Dataset excerpts:
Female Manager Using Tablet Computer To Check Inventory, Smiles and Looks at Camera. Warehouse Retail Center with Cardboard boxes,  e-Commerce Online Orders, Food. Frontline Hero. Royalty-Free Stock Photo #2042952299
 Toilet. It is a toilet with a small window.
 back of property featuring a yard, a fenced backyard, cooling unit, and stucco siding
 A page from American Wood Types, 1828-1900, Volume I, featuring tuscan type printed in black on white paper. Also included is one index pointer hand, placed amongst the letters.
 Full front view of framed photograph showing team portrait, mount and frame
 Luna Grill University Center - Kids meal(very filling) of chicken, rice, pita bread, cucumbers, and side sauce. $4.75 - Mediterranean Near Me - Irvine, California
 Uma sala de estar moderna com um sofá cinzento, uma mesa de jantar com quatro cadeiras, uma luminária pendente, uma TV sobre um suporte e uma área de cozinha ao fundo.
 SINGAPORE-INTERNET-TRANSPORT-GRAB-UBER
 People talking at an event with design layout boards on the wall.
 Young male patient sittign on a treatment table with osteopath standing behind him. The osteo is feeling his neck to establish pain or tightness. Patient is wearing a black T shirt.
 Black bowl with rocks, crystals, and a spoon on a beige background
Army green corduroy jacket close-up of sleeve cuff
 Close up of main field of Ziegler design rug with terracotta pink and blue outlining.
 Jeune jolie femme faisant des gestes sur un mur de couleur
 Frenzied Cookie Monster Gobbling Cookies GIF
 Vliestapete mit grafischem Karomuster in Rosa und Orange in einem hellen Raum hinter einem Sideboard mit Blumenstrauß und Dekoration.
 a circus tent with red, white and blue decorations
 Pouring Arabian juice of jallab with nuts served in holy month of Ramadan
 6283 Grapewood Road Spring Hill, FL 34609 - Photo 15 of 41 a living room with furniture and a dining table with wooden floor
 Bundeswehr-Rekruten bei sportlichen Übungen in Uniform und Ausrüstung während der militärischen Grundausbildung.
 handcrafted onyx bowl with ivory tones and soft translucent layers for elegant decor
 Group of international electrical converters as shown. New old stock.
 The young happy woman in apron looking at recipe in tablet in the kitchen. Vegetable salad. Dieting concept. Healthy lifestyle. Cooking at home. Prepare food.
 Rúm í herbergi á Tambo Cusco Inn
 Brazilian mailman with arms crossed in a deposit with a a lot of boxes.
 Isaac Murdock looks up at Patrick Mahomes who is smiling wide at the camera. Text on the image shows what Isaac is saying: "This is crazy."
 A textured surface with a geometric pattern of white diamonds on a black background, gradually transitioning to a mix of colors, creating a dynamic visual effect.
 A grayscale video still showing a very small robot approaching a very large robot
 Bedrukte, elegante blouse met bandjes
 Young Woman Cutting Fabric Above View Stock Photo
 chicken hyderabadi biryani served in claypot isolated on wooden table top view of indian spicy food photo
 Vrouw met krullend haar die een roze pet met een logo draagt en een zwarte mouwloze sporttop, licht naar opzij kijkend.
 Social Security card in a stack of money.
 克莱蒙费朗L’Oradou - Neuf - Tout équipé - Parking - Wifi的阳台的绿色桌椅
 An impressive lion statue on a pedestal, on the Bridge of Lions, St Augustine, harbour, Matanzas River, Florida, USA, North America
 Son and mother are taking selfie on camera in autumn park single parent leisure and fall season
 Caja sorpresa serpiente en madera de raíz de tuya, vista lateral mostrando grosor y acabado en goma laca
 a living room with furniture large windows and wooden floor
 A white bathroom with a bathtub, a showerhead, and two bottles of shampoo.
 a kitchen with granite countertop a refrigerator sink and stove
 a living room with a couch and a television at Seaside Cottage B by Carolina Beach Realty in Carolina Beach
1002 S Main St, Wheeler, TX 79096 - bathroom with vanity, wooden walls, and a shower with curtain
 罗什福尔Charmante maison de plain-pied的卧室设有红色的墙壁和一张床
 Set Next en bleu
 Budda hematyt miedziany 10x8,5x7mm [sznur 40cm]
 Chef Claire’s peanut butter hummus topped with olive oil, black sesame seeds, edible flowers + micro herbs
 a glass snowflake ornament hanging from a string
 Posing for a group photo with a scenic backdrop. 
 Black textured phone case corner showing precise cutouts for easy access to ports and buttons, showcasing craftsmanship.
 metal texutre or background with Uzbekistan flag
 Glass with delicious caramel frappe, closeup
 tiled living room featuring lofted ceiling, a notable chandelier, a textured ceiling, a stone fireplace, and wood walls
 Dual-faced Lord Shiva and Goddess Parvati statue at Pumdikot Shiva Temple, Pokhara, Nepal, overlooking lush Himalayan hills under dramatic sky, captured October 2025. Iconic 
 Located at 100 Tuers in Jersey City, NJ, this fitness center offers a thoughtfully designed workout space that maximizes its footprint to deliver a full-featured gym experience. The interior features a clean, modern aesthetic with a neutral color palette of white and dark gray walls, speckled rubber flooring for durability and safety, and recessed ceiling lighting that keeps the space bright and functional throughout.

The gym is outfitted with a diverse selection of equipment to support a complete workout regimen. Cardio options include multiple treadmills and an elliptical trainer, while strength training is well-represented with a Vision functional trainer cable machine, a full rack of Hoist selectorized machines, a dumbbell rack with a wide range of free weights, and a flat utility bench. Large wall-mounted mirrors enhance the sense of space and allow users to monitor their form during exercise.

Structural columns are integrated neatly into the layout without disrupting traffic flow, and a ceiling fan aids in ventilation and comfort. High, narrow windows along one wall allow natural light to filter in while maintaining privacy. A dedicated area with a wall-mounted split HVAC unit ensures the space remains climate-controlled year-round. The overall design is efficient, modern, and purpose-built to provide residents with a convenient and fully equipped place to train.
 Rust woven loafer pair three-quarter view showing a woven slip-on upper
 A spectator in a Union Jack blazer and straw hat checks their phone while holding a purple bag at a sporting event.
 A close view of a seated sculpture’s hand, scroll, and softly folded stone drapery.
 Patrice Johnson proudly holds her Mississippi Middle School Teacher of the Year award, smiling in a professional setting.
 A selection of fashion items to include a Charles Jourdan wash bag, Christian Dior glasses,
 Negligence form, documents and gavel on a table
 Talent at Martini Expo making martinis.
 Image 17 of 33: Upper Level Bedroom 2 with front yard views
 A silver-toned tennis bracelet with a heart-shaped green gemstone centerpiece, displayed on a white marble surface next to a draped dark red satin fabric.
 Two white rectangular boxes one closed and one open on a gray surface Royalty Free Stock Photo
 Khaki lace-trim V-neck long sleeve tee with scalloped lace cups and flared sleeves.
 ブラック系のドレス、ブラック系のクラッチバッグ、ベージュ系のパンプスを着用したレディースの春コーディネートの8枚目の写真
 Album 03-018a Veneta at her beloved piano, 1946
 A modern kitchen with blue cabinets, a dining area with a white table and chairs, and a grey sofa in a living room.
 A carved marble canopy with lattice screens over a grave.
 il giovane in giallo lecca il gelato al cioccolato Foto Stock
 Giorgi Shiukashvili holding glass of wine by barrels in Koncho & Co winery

* [Task requirements] Go through the data above and copy each line that holds the word "green".

* [Written solution]
Army green corduroy jacket close-up of sleeve cuff
 A silver-toned tennis bracelet with a heart-shaped green gemstone centerpiece, displayed on a white marble surface next to a draped dark red satin fabric.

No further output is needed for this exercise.